Once a Joke, Texas' Defense Should Be Strength for Longhorns in 2014

Ben KerchevalCollege Football Lead WriterJanuary 29, 2014

DALLAS, TX - OCTOBER 13:  Brennan Clay #24 of the Oklahoma Sooners carries the ball against Dalton Santos #55 of the Texas Longhorns, Cedric Reed #88 of the Texas Longhorns and Mykkele Thompson #2 of the Texas Longhorns at Cotton Bowl on October 13, 2012 in Dallas, Texas. The Oklahoma Sooners beat the Texas Longhorns 63-21. (Photo by Tom Pennington/Getty Images)
Tom Pennington/Getty Images

The 2012 Texas Longhorns defense was historically bad. That's not an exaggeration—it was actually the worst in school history in yards allowed.

The 2013 defense looked like it was on a similar path. The 'Horns infamously gave up 550 yards rushing in a 40-21 loss to BYU in Week 2. Not 24 hours later, defensive coordinator Manny Diaz was fired.

Greg Robinson, who succeeded Diaz, actually did a nice job improving the defense for the rest of the season. Though Robinson got off to a rough start in a 44-23 loss to Ole Miss in Week 3, Texas held Oregon's offense to 16 points in a 30-7 Alamo Bowl loss in December.

That's a big transformation under an assistant who jumped in mid-season.

Texas athletic director Steve Patterson wants to see that transformation continue. Patterson went in a defensive direction when he hired Louisville coach Charlie Strong earlier this month to succeed Mack Brown. Don't expect the 'Horns to be a high-scoring team that loves to get into shootouts with opponents. Rather, Texas should be all about field position and defense in 2014.

Unlike the past two seasons, Texas' talent and experience should equal better results. Hopefully, they'll have health on their side as well. 

Jordan Hicks
Jordan HicksHarry How/Getty Images

Texas loses defensive end and Big 12 Defensive Player of the Year Jackson Jeffcoat. That hurts, but the Longhorns return basically the rest of their defensive front seven, including linebacker Jordan Hicks. Defensive end Cedric Reed and defensive tackle Malcom Brown will anchor what should be a stout defensive line.

Linebacker has been a bit of an issue since the departure of Emmanuel Acho in 2011, but there's a lot of experience coming back with Hicks, Dalton Santos and Steve Edmond.
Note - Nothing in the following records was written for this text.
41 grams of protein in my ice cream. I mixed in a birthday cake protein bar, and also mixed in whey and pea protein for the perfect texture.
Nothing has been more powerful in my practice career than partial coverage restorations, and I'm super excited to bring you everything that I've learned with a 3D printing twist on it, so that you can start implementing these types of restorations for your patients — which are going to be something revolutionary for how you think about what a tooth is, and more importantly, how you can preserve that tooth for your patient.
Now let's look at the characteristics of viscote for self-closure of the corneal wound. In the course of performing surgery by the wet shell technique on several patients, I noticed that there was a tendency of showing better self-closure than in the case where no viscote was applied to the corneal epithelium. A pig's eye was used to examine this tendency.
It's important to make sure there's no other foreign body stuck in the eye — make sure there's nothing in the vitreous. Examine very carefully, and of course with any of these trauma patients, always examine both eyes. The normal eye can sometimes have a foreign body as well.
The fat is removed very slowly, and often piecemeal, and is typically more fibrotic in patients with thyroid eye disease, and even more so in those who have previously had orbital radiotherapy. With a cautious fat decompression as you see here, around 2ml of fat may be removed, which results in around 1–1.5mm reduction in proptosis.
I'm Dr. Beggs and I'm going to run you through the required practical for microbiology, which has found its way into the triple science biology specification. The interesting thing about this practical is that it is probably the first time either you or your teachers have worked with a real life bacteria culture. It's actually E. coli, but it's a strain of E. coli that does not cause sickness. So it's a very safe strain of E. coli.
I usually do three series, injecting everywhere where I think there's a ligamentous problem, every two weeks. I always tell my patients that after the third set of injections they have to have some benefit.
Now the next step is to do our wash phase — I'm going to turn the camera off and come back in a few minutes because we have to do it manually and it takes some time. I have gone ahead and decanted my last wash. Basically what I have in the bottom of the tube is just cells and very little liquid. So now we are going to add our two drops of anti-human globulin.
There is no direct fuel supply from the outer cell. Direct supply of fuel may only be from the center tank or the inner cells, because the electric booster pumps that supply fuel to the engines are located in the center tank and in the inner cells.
Experience is a bit harder to come by in the secondary with the departures of defensive backs Adrian Phillips and Carrington Byndom. Fortunately for Texas, cornerback Quandre Diggs announced this month that he, along with Reed, would return for another season.

In all, four Big 12 Second Team or Honorable Mention players are returning.

Texas' defensive coaching staff is a mixture of Strong's staff at Louisville (defensive coordinator Vance Bedford and linebackers coach Brian Jean-Mary) with two assistants from Alabama (defensive line coach Chris Rumph) and Memphis (defensive backs coach Chris Vaughn). 

In 2013, the Cardinals finished No. 2 nationally in scoring defense, No. 2 in turnover margin, No. 4 in passing-efficiency defense and No. 5 in red-zone defense.

As Bedford would say, that's "fun" defense.

It's too early to tell if Texas will replicate those kind of numbers, but defense should nevertheless be a strength. The bigger question mark falls on the other side of the ball, where the Longhorns replace most of its veteran offensive line.

Texas has great running back depth, however, with Johnathan Gray, Malcolm Brown and Joe Bergeron. So expect a heavy dose of pounding the rock. It's what Texas did best a year ago and that doesn't seem likely to change.

Still, if Texas' offense struggles to score points, it's going to be up to the defense to keep the 'Horns in games. Keeping games close has been Strong's calling card. In four seasons at Louisville, Strong only lost two games by double digits. Texas lost all five of its games in '13 by double digits.

Question the competition if you must, but the Cardinals were a wreck of a team when Strong took over in 2010. He simply doesn't get outcoached and outclassed often.

Who knows how many games Texas will win next season, but this should be a competitive group that plays with an edge.

That will be the biggest transformation for the Longhorns from a year ago.

 

Ben Kercheval is the lead writer for Big 12 football. All stats courtesy of the NCAA.